Our very souls, then, being disposed so naturally and in proportion to their capacity, and yet so miraculously, to recognize so many and great wonders in Christ, what further excess of honour is left us to pay exclusively to the Father, as inappropriate to the Son? Human reverence of the Deity, looked at in its plainest meaning, is nothing else but an attitude of love towards Him, and a confession of the perfections in Him: and I think that the precept 'so ought the Son to be honoured as the Father,' is enjoined by the Word in place of love. For the Law commands that we pay to God this fitting honour by loving Him with all our heart and strength and here is the equivalent of that love, in that the Word as Lawgiver thus says, that the Son ought to be honoured as the Father.
It was this kind of honour that the great David fully paid, when he confessed to the Lord in a prelude of his psalmody that he loved the Lord, and told all the reasons for his love, calling Him his “rock” and “fortress,” and “refuge,” and “deliverer,” and “God-helper,” and “hope,” and “buckler,” and “horn of salvation,” and “protector.” If the Only-begotten Son is not all these to mankind, let the excess of honour be reduced to this extent as this heresy dictates: but if we have always believed Him to be, and to be entitled to, all this and even more, and to be equal in every operation and conception of the good to the majesty of the Father's goodness, how can it be pronounced consistent, either not to love such a character, or to slight it while we love it?

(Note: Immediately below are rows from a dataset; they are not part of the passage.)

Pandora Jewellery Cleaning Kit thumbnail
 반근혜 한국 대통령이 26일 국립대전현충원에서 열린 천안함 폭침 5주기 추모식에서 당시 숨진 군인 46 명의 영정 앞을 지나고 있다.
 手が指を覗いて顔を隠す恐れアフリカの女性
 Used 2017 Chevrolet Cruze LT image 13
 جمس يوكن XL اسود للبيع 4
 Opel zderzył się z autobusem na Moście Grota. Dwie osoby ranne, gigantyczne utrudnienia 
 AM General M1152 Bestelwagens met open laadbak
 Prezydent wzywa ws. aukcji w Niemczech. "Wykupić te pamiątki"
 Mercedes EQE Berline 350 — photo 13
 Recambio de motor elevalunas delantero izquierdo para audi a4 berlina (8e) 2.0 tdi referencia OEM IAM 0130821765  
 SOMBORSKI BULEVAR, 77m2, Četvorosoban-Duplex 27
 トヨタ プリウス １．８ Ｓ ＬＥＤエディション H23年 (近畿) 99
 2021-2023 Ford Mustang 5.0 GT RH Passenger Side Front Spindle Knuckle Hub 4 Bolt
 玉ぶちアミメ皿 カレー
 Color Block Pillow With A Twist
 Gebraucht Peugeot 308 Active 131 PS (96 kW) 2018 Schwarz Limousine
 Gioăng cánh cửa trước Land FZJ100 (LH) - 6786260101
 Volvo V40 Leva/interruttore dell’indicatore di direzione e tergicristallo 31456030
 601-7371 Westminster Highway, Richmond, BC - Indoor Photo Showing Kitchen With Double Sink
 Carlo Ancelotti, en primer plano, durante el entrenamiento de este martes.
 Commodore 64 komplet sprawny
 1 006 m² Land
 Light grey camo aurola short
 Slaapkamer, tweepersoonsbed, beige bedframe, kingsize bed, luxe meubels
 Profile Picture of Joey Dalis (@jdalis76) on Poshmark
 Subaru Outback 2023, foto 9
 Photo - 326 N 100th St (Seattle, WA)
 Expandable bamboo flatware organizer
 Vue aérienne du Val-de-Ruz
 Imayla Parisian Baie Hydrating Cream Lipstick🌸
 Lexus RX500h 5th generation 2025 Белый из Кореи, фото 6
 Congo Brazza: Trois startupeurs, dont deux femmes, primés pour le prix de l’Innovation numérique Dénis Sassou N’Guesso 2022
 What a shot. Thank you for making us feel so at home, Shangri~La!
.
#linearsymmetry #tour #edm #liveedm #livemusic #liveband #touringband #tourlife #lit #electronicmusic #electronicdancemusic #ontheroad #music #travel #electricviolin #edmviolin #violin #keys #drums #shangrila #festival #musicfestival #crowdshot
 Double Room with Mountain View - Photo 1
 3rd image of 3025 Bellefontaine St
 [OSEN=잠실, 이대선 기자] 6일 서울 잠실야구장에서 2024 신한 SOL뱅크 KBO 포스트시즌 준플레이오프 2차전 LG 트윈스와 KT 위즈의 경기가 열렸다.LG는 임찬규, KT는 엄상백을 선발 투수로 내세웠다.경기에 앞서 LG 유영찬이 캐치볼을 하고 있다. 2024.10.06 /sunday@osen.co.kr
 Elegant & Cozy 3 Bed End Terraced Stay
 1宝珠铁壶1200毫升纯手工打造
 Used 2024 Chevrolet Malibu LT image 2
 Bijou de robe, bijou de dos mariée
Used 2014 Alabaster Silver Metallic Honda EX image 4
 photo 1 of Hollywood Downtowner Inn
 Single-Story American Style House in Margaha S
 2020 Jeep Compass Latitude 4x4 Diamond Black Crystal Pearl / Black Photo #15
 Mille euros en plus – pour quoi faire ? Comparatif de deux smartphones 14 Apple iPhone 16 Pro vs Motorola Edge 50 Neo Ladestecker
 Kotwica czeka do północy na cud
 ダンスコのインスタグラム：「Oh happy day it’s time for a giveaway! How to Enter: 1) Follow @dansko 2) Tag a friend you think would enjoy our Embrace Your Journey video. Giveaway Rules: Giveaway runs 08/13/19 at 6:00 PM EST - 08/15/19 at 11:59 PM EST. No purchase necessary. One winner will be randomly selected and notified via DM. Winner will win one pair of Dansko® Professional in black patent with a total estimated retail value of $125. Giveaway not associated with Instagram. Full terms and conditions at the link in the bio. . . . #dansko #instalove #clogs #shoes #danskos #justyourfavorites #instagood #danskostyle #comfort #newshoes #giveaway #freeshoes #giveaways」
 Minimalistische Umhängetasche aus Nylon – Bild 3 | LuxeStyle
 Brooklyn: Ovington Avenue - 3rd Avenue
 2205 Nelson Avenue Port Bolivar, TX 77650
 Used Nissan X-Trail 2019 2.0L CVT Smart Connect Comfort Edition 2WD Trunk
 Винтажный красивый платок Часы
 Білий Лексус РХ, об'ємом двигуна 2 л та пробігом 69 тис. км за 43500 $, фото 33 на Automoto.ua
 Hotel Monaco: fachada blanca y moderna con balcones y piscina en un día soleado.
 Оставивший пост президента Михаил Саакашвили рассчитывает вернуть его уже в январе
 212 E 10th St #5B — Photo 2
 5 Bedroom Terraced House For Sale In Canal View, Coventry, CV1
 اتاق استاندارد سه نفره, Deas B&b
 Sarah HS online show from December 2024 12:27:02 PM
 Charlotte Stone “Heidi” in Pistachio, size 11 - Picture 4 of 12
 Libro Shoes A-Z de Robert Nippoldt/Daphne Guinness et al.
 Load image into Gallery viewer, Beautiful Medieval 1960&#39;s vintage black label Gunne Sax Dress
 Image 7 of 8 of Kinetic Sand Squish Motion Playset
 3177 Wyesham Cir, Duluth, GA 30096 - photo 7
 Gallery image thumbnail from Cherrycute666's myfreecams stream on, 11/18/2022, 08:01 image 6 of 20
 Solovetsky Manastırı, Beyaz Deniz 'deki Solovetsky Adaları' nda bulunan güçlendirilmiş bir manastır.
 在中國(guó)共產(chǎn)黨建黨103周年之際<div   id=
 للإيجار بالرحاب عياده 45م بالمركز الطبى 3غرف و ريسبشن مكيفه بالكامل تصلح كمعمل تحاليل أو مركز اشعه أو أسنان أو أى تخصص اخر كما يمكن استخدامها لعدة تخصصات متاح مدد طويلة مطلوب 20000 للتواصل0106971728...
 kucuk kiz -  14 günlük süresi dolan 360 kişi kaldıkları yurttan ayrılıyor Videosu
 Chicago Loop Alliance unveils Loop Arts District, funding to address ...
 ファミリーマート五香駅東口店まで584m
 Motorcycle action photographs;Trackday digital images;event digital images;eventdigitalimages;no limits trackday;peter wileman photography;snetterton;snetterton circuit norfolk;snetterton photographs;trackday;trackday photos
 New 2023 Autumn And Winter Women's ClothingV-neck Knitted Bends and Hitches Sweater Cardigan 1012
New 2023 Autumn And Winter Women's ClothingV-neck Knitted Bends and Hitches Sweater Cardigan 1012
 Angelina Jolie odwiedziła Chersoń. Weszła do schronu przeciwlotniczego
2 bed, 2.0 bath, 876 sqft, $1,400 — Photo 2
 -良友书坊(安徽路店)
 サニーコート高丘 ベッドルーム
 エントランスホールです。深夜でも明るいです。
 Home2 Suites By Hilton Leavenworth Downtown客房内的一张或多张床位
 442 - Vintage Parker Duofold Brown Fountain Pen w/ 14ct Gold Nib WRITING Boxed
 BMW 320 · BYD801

No one can say that we ought to love Him with all our heart and strength, but to honour Him only with half. If, then, the Son is to be honoured with the whole heart in rendering to Him all our love, by what device can anything superior to His honour be discovered, when such a measure of honour is paid Him in the coin of love as our whole heart is capable of? Vainly, therefore, in the case of Beings essentially honourable, will any one dogmatize about a superior honour, and by comparison suggest an inferior honour.
Again; only in the case of the creation is it true to speak of 'priority.' The sequence of works was there displayed in the order of the days; and the heavens may be said to have preceded by so much the making of man, and that interval may be measured by the interval of days. But in the divine nature, which transcends all idea of time and surpasses all reach of thought, to talk of a “prior” and a “later” in the honours of time is a privilege only of this new-fangled philosophy. In short he who declares the Father to be 'prior' to the subsistence of the Son declares nothing short of this, viz., that the Son is later than the things made by the Son (if at least it is true to say that all the ages, and all duration of time was created after the Son, and by the Son).